Starring Glenn Close, Anders Danielsen Lie, Ingvar E. Sigurðsson, Pekka Strang, Sophia Heikkilä, Emily Matthews, and Theo Zilliacus.
SYNOPSIS:
Follows the inspirational tale of a young girl and her grandmother spending a summer on a small, uninhabited island in the Gulf of Finland.
Moving to a Finnish island summer home for the grieving after a tragic loss, director Charlie McDowell’s The Summer Book (based on a novel by Tove Jansson and adapted by Robert Jones) is a timeless story not necessarily solely for its effective if familiar themes explored, but that setting itself, which seems to transcend time. Although there is no modern technology present, there is also no definitive evidence to suggest that the film isn’t set in a contemporary world. It’s as isolated as its characters, which the filmmakers mine for lyrical beauty, even if the pacing is something one fights throughout.

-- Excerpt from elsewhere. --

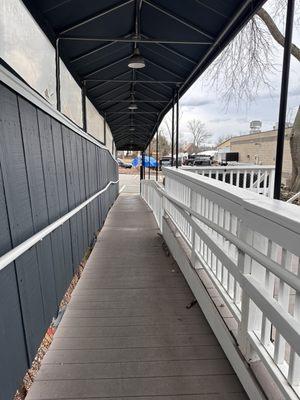 Covered ramp from Salem's Retreat to the parking lot.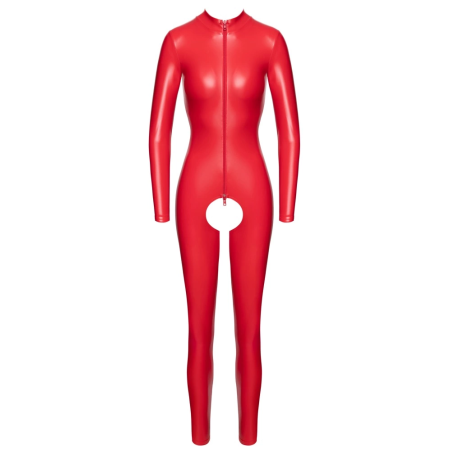 Noir Handmade Red Powerwetlook Jumpsuit S - Crotchless, Long Sleeve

Emotions are muted, which is fine given the narrative’s simplistic nature. This is an earthly mood piece primarily centered on eight-year-old Sophia (newcomer Emily Matthews, entirely believable and playing up complicated feelings without a false note), naturally still devastated about the loss of her mom but also testy that her checked-out, cold father (Anders Danielsen Lie of terrific Norwegian works such as The Worst Person in the World) has been behaving this way since her death. According to Sophia, he stopped loving her when mom died. Of course, that’s not true; he’s depressed and doesn’t know how to go on being a father anymore, so he throws himself into work while hoping this vacation will do something to bring him all of that dark fog.
Grandmother (Glenn Close, momentarily escaping a Netflix machine that has given her a sad run consisting of some of the worst roles of her career, here reminding what sturdy, reliable, minimalistic, and moving work she is still capable of when given the right material and working with acutely observant filmmakers) also knows that Father needs time to heal. The dilemma is that Grandmother is dying and can only function as a parent for so long, meaning that there is only so much time to go around for him to pick himself up and put it together. This predicament also puts The Summer Book at a fascinating crossroads of coming-of-age and coming-of-death storytelling, with the latter using what limited time is left to impart as much as possible unto a precocious child.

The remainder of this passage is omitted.